After years of civil war, a new nation is born today: South Sudan. Maps will have to be redesigned. The Guardian already did it. Not Google, though.
This is a capture taken on 9 July at 11:19 GMT. Sudan still appears as a unified country. It is not that at Google Inc. they didn’t know what was going on there. On 8th July this was posted on the official Google Africa blog:
In anticipation of this significant development, the World Bank, UNOSAT, RCMRD, Satellite Sentinel Project and Google organized a South Sudan Community Mapping event in Nairobi on June 30. This was the second in a series of mapping events intended to encourage local people to create accurate and detailed maps of South Sudan, to help them navigate their path to independence. There were over 100 attendees in the room, mostly Sudanese — university students, humanitarian workers, journalists, developers, donors, citizens — coming from Nairobi and its surroundings, but also as far as Juba, the capital of South Sudan.
In fact, Google’s Africa policy manager Ory Okolloh, who helped create Ushahidi, is very fond of interactive social mapping. But it seems that Africa is not yet on the top of Google’s agenda. This time Google did not create a doodle to celebrate the event and did not update Google Maps. And that despite heavy US involvement in the process leading to South Sudan’s independence. Those trying to find their way in that region by using Google Maps on their mobile phones will still be in Sudan.
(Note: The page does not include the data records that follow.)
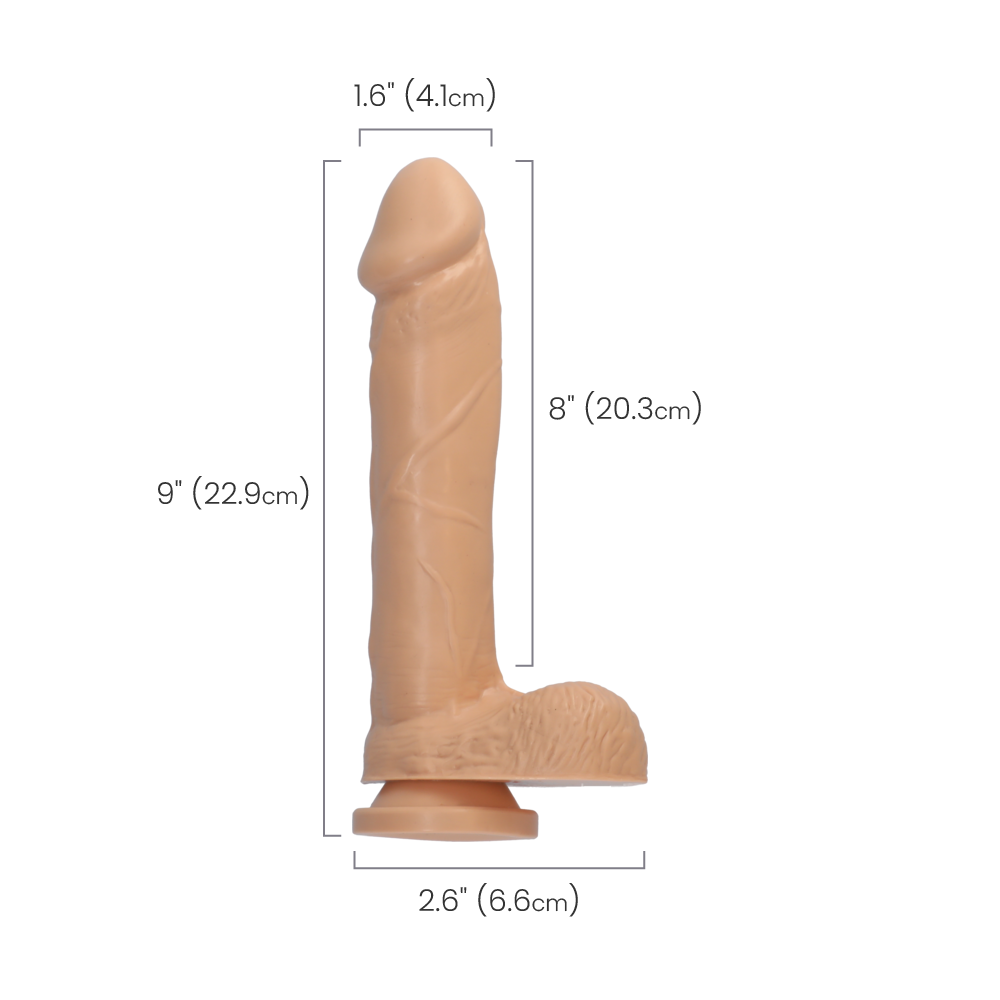 BALLS AND SUCTION CUP - FLESH - 8"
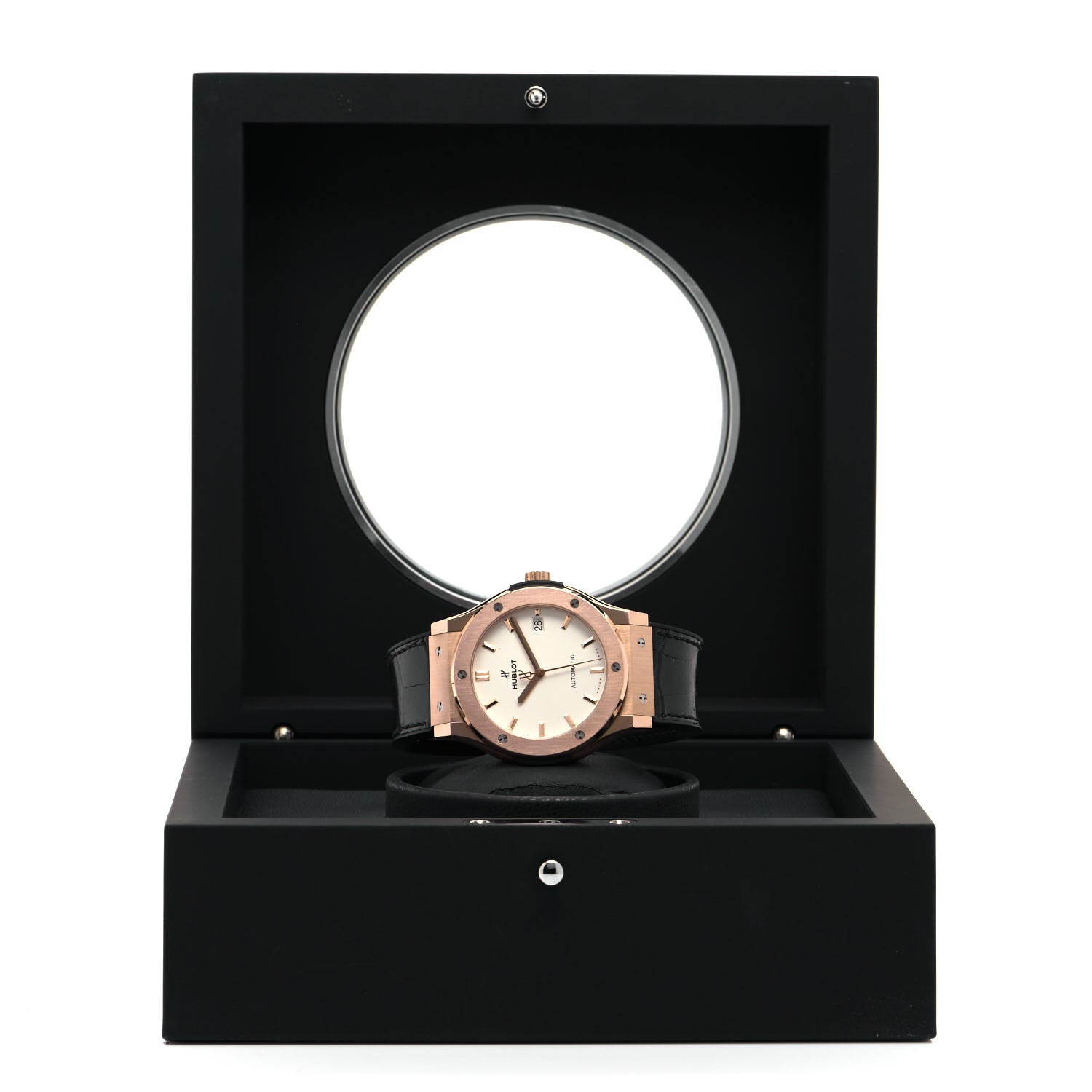Hublot Titanium 18K Rose Gold Alligator 45mm Classic Fusion Automatic Watch 511.OX.2611.LR 5 of 5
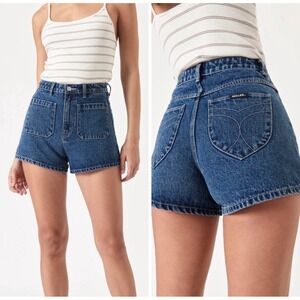 Rolla's Dusters Sailor High Rise Slim Front Patch Pockets Denim Shorts Blue 27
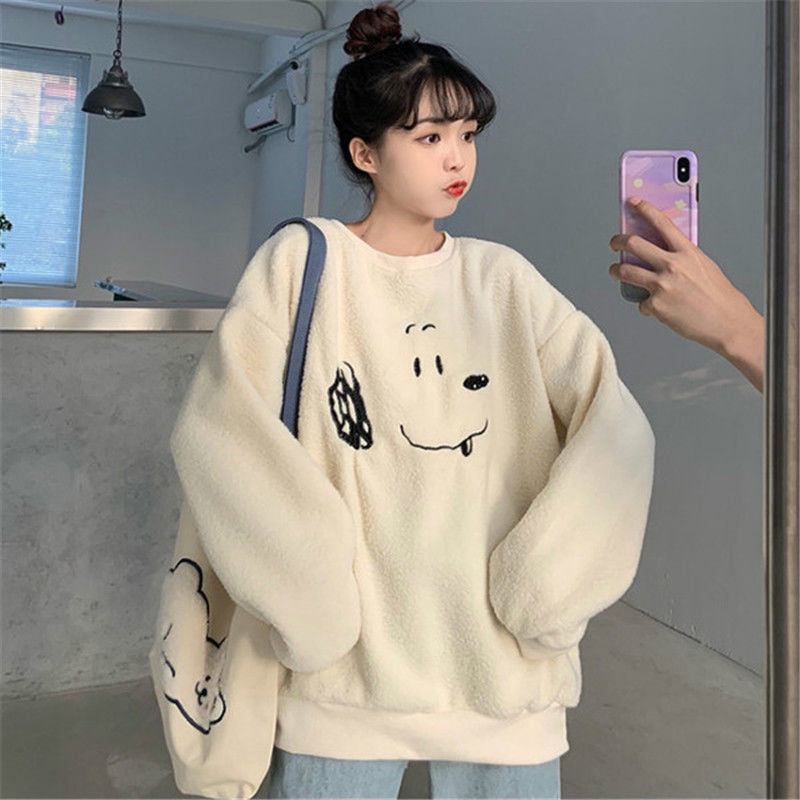 Áo Hoodie Bằng Lông Cừu Dày Tay Dài Dáng Rộng Rãi Phong Cách Thời Trang Hàn Quốc Dành Cho Nữ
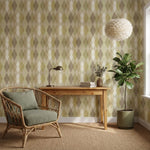 papier peint geometrique losanges et formes diamant beige taupe et vert sauge pa-VARIANTE-2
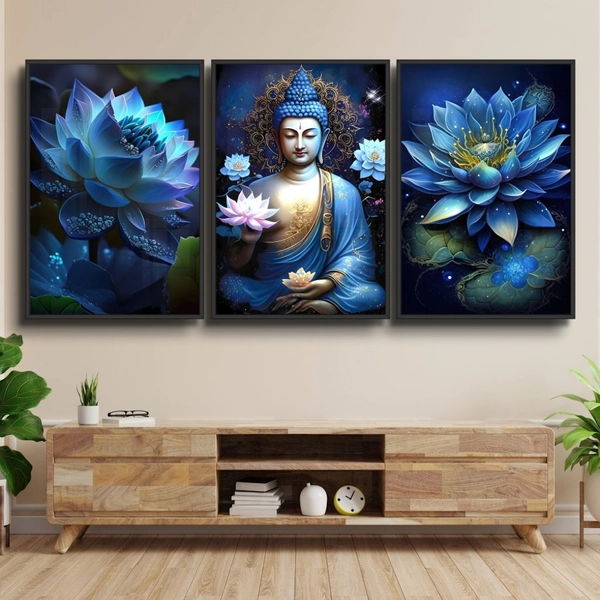 Tranh Treo Tường Bộ 3 tấm Đức Phật Và Hoa Sen Nở Rộ
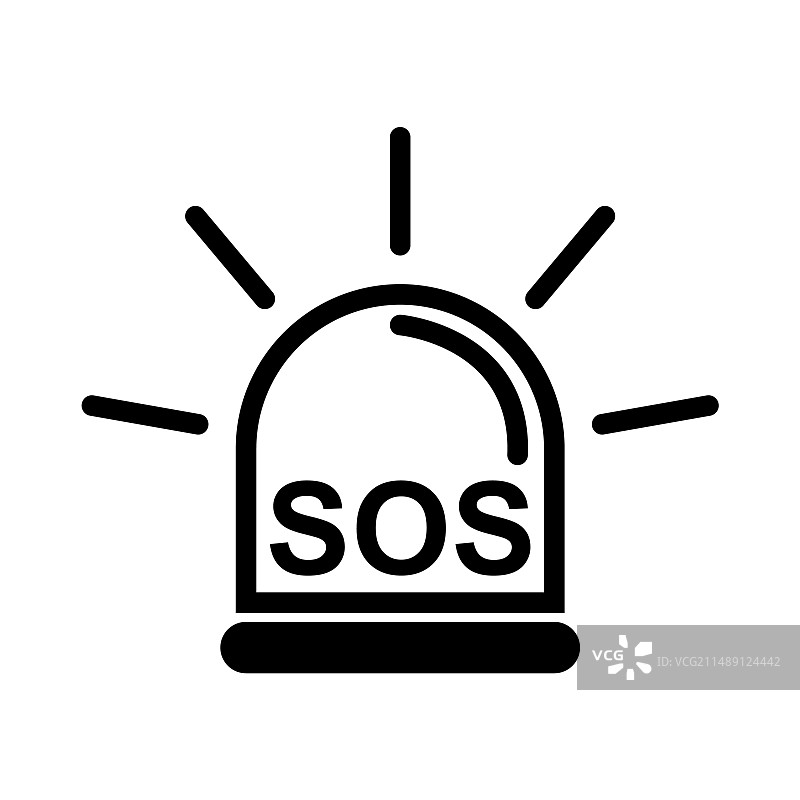 SOS紧急求助图标安全支持提示扁平设计图片素材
Update (11 June 2011): PC Mag asked Google about this. This was their answer:
We are following the situation in South Sudan and are working with data providers to ensure that we depict the area accurately,” the Google spokeswoman added. “However, we aren’t able to specify when the update to these borders will be made, as the changes are often dependent on a variety of factors such as provider data availability and our system update schedule.”